No electromecánico, los 48V son por si utilizás un micrófono de condensador, ésa es la "ailmentación phantom", que es normalizada y se usa en ese tipo de micrófonos. El ruido se elimina con un transformador, que hace que el ruido se anule al estar en fase y la señal del micrófono se amplifique al estar en contrafase. Si utilizás un amplificador operacional, éste tiene un CMRR (Common Mode Rejection Ratio, o relación de rechazo al modo común, que hace lo mismo que el trafo, las señales de ruido están en fase en ambos cables, por eso se anulan, y la señal del micrófono en contrafase, y la amplifica. Saludos C


----------



## electromecanico (Jul 3, 2010)

crimson dijo:


> No electromecánico, los 48V son por si utilizás un micrófono de condensador, ésa es la "ailmentación phantom", que es normalizada y se usa en ese tipo de micrófonos. El ruido se elimina con un transformador, que hace que el ruido se anule al estar en fase y la señal del micrófono se amplifique al estar en contrafase. Si utilizás un amplificador operacional, éste tiene un CMRR (Common Mode Rejection Ratio, o relación de rechazo al modo común, que hace lo mismo que el trafo, las señales de ruido están en fase en ambos cables, por eso se anulan, y la señal del micrófono en contrafase, y la amplifica.
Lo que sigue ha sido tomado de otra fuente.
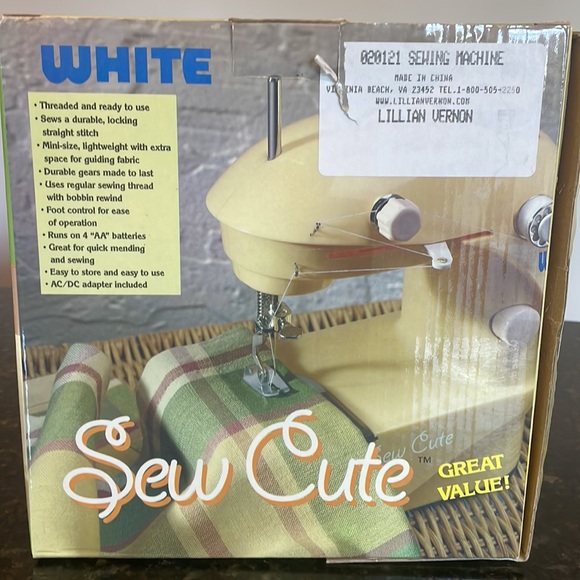 Pink Lillian Vernon Sew Cute Beginner Sewing Machine - Picture 5 of 10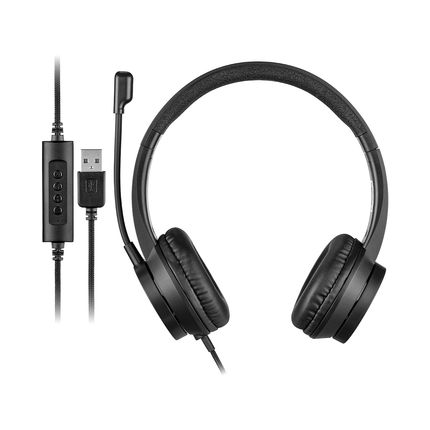 Headset com Fio HF1100 USB/USB-C Preto Multi - PH501 PH501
Saludos C


 lo de los 48 volt me quedo claro y lo otro que dije esta bien


> aaaahhhhh osea que no es solo la impedancia o amplificar la pobre señal del microfono?? o es que el microfono nesecita algun tipo de realimentacion hablando de microfonos de estudio??
> lo mas complicado creo yo es lograr la maxima ganancia con el menor ruido, puede ser?? para agrandar el rango dinamico y manteniendo la linealidad del microfono hasta la entrada de nuestro ampli o grabador.
> con respecto a los ruidos, no se usa en audio la alimentacion de dos mayas del cable para que esta contrareste los ruidos que vienen de afuera y filtrar el ampli solo para el ruido que nosotros generamos controladamente, en cables de plc esto se hace,,,,


----------